Police Commissioner Ellison Greenslade announced yesterday that a police liaison officer will be assigned to each government school when schools re-open in September.
Greenslade and other government officials, including the Director of the Immigration Department Jack Thompson, met with public school principals during a forum at SuperClubs Breezes Resort yesterday morning to discuss crime and immigration related issues affecting the public school system.
School violence has been a major concern in public schools, especially in New Providence, over the last few years. The Department of Education and police have had to respond to fights, stabbings and at least one homicide on or near New Providence public schools.
"I've assured principals that they are fully in control of their schools and we stand in full support of them," Greenslade said.

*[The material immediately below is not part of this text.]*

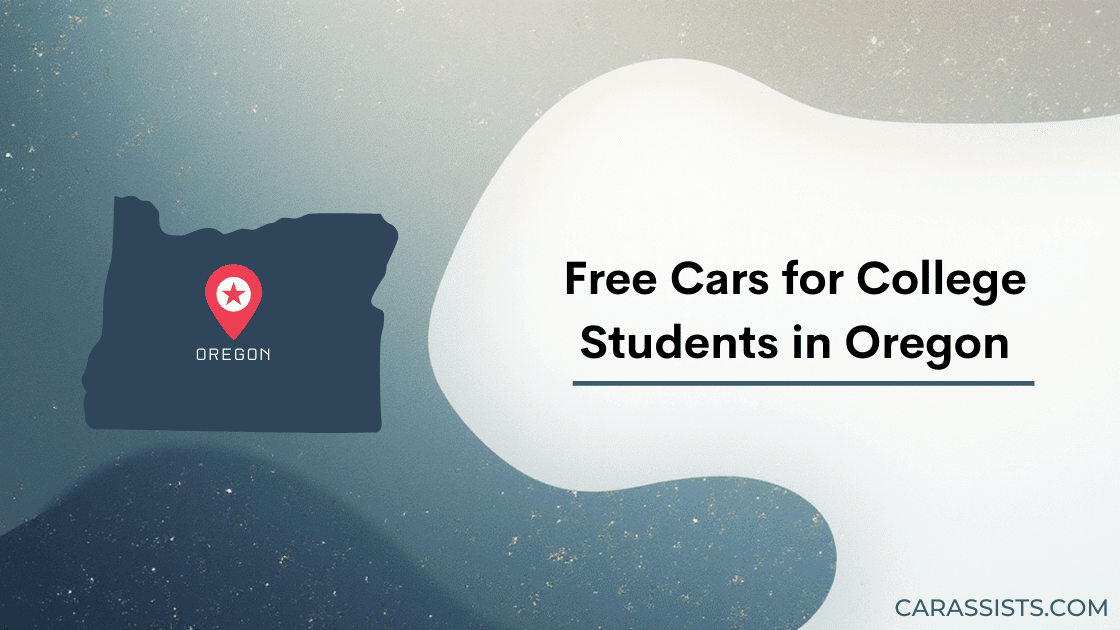 Free Cars For College Students In Oregon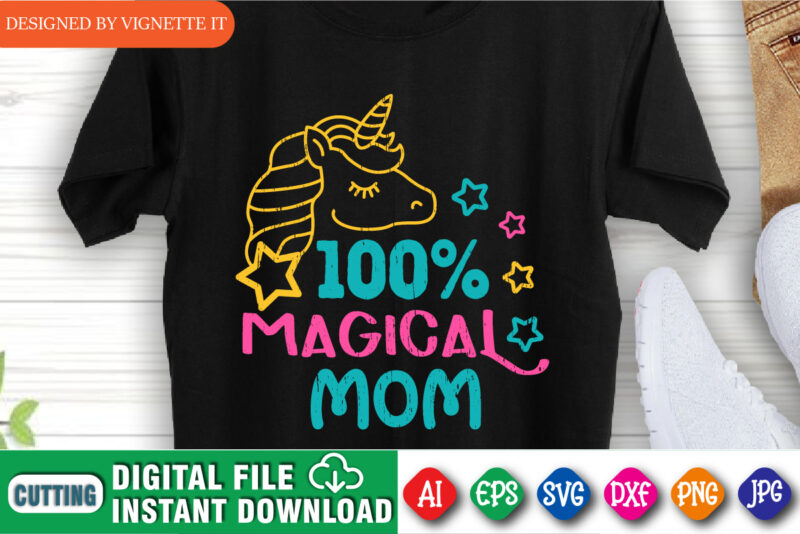 100% Magical Mom Shirt, Mother’s Day Unicorn, Mom Shirt, Kids Shirt, Mom Loving Shirt, Mom Unicorn, Magical Mom, Mother’s Day Shirt Template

"But we will be more than happy to ensure that there's a school liaison officer assigned to every school in The Bahamas. We have sufficient officers to deal with that and they should be available at all times to the schools and any issues that needs to be pushed further up will be handled by our officers."

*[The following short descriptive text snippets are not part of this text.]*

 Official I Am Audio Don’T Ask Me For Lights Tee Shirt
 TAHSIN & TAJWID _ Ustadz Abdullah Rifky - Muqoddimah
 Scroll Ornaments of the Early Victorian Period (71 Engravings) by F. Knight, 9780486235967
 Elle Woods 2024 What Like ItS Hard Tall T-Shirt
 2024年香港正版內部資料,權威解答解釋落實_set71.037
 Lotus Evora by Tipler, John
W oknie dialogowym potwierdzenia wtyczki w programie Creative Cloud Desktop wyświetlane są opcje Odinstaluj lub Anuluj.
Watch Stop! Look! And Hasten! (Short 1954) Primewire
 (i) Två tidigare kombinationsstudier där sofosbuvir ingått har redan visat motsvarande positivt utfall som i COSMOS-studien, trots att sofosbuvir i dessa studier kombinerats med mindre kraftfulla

Greenslade's announcement came fours years after the Free National Movement (FNM) administration dismantled the school policing program left in place by the last Progressive Liberal Party (PLP) administration.

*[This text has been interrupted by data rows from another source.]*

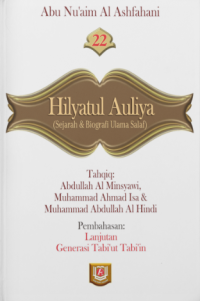 Hilyatul Auliya Jilid 22 : Sejarah & Biografi Ulama Salaf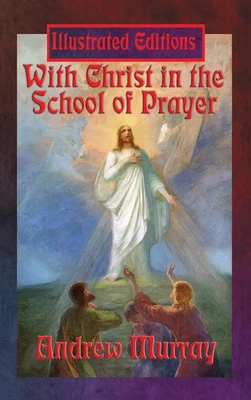 With Christ in the School of Prayer (Illustrated Edition) | Andrew Murray | Buch - Bild 1 von 2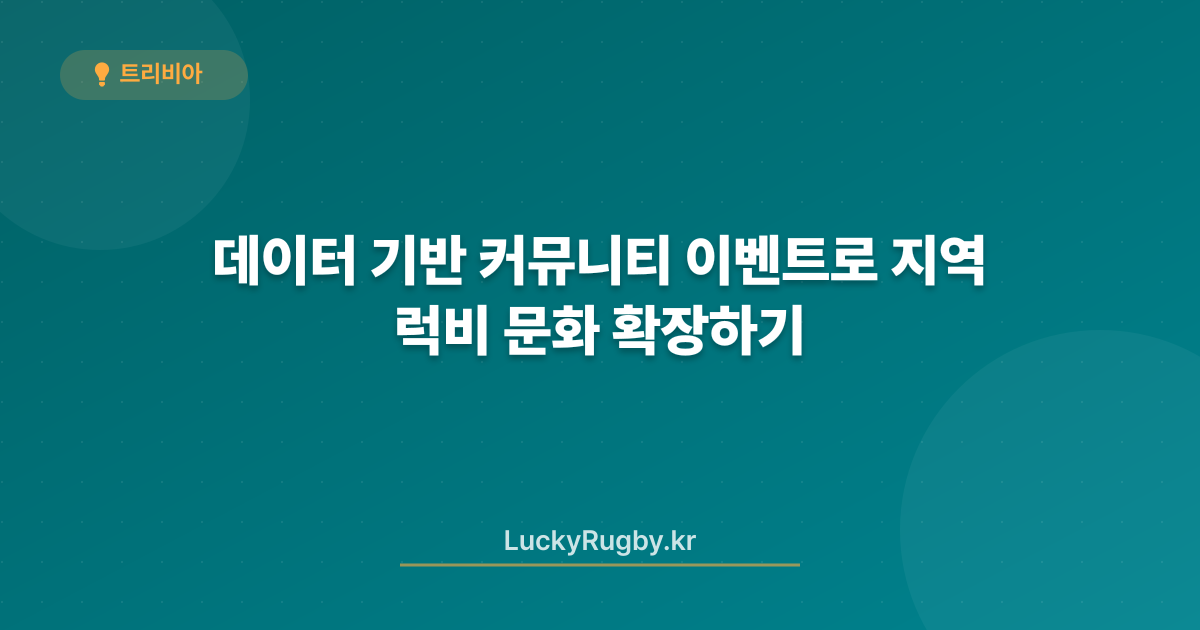 데이터 기반 커뮤니티 이벤트로 지역 럭비 문화 확장하기
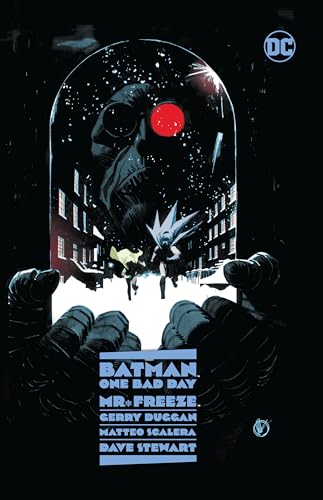 9781779520081: Batman One Bad Day Mr. Freeze 1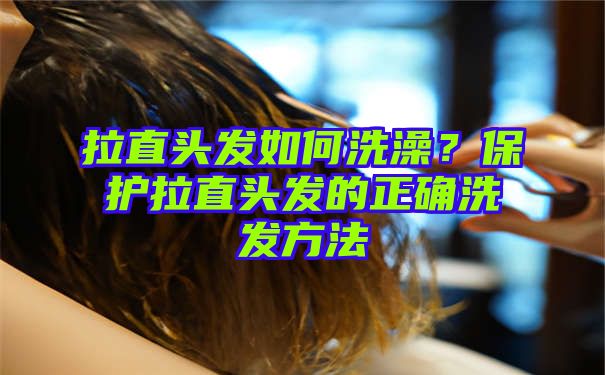 拉直头发如何洗澡？保护拉直头发的正确洗发方法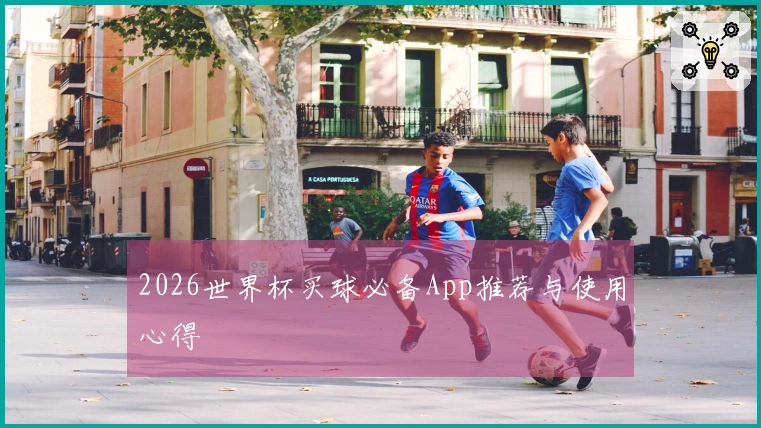 2026世界杯买球必备App推荐与使用心得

This program involved stationing police at public schools.
That initiative was replaced with a community policing approach through which officers are stationed outside schools during peak hours (7 a.m. to 9 a.m. and 3 p.m. to 5 p.m.).
Prime Minister Hubert Ingraham and his government have held to the position that police officers do not belong in schools.
As the country continues to record poor national exam results, the government recently invested just over $2 million to outfit the nation's public schools with 'cutting edge' technology.
Overcrowding has worsened in public schools across New Providence, but particlarly in the southern division, where some institutions are accommodating double the number of students they were designed to facilitate, Education Director Lionel Sands told The Nassau Guardian this week.
Among the schools whose student populations are booming are Sadie Curtis Primary School, Cleveland Eneas Primary School, Garvin Tynes Primary School, Gerald Cash Primary School, Anatol Rodgers Hight School, C.V. Bethel High School and S.C. McPherson Junior High School.
Sands said each of those schools was designed to accommodate a maximum of 700 students, however, each school has more than 1,100 students registered.
Sands said 1,400 students attend C.V. Bethel and S.C. McPherson High Schools; and 1,300 attend Anatol Rodgers High School.
"We have overcrowding in southwest and southeast New Providence," Sands told The Nassau Guardian. "They have exceeded their capacity in terms of housing the maximum amount of students that are available for those schools.
"What happens is this will invariably increase the class size which, of course, is not the ideal thing for us.
"But of course, the reality is there has been a shift in population from the northern part of the island to the southern part of the island...creating the overcrowding in the south and there has not been, over the years, a recurrent building of schools as we establish these various communities in the southern part of the island."
In addition to the population shift, Sands said hundreds of students who were previously enrolled in various private schools have transferred to public institutions this school year.
Sands said the ministry has attempted to transfer some of the students to schools that are not as crowded. However, he said it is difficult to transfer students to schools outside of the area where they live.
"We can move students to some of the schools in the north where there are spaces available but when you're talking about moving first graders, that's a big problem," he said.
And while there is a serious need for the construction of additional schools, Sands said there is little money in the treasury to fund new schools.
The Ministry of Education controls 160 schools throughout the country. Approximately 53,000 students attended public schools this week.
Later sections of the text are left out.